A perspectiva de nova expansão da área mostra que o cereal deve continuar ganhando espaço no planejamento dos produtores. O cenário para 2026/27, porém, começa mais cauteloso em relação à produtividade.

O Imea estima inicialmente rendimento médio de 119,64 sacas por hectare, 8,05% abaixo do recorde alcançado na safra 2025/26. Se a previsão se confirmar, a produção ficará em 53,68 milhões de toneladas, recuo de 7,5% sobre a temporada anterior, apesar da área maior.

A estimativa mais conservadora está relacionada principalmente às incertezas climáticas. Como a maior parte do milho mato-grossense é cultivada depois da soja, o resultado depende diretamente do calendário da oleaginosa. Eventuais atrasos no plantio e na colheita da soja podem reduzir a quantidade de milho semeada dentro da janela de menor risco.

A possível influência do El Niño também está entre os fatores acompanhados para a próxima temporada. Alterações na distribuição das chuvas podem afetar tanto o calendário da soja quanto a disponibilidade de água para o milho no fim do ciclo. Por se tratar da primeira estimativa para 2026/27, os números de produtividade e produção ainda poderão sofrer revisões conforme as condições da safra ficarem mais definidas.

Mesmo diante da expectativa inicial de rendimento menor, há uma mudança importante no mercado que ajuda a explicar a manutenção do interesse pelo cereal: Mato Grosso está consumindo cada vez mais o milho que produz.

O Imea projeta consumo interno de 27,04 milhões de toneladas em 2026/27, aumento de 16,23% sobre as 23,27 milhões de toneladas estimadas para a safra anterior. O crescimento é impulsionado principalmente pela expansão das usinas de etanol de milho e pelo aumento da capacidade de processamento das unidades já instaladas no Estado.

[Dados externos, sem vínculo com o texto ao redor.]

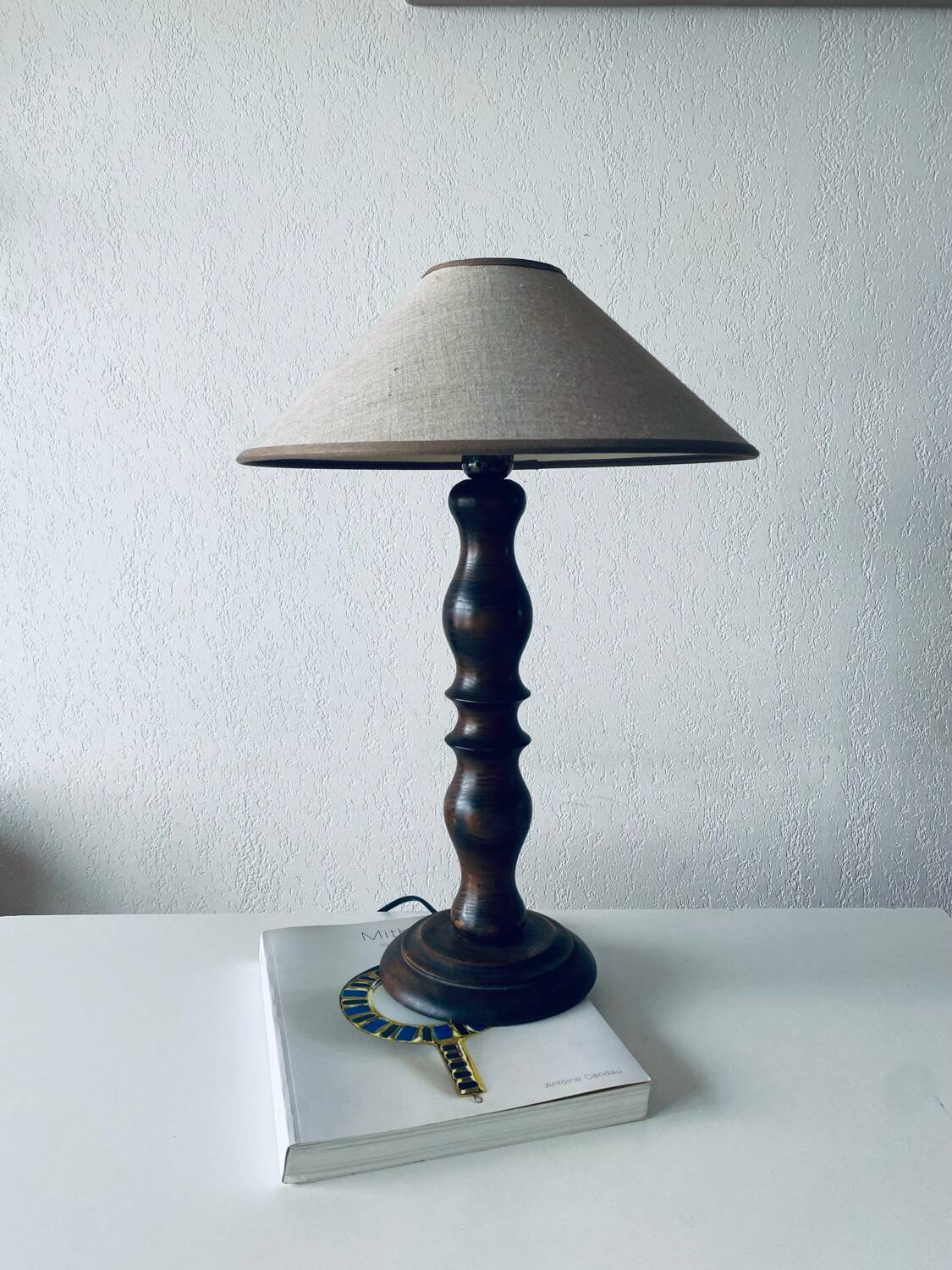 Turned wooden chalet lamp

Se a projeção se confirmar, pela primeira vez Mato Grosso deverá consumir internamente mais milho do que enviar ao exterior. As exportações são estimadas em 17,50 milhões de toneladas na próxima temporada, ante 24,10 milhões em 2025/26.

A mudança representa uma transformação importante para o maior produtor brasileiro do cereal. Durante anos, o crescimento da produção mato-grossense esteve fortemente ligado à necessidade de levar volumes cada vez maiores aos portos. A instalação de indústrias próximas às regiões produtoras cria uma alternativa de comercialização dentro do próprio Estado e reduz a dependência exclusiva do mercado externo.

O avanço do etanol também gera demanda pelos coprodutos do processamento do milho utilizados na alimentação animal, aproximando as cadeias de grãos, biocombustíveis e proteína animal.

Com uma produção inicialmente projetada abaixo do recorde e maior absorção pelas indústrias locais, a disponibilidade de milho tende a ficar mais ajustada. O Imea estima estoque final de aproximadamente 285 mil toneladas em 2026/27, queda de 55,77% em relação ao volume previsto para o encerramento da safra anterior.

O cenário para a próxima temporada combina, portanto, duas tendências. De um lado, Mato Grosso vem de uma produção recorde e deverá ampliar novamente a área de milho. De outro, o clima recomenda cautela nas projeções de produtividade. Para o produtor, a diferença é que a expansão da indústria de etanol fortalece um mercado consumidor dentro do próprio Estado justamente quando o milho se prepara para ocupar uma área ainda maior.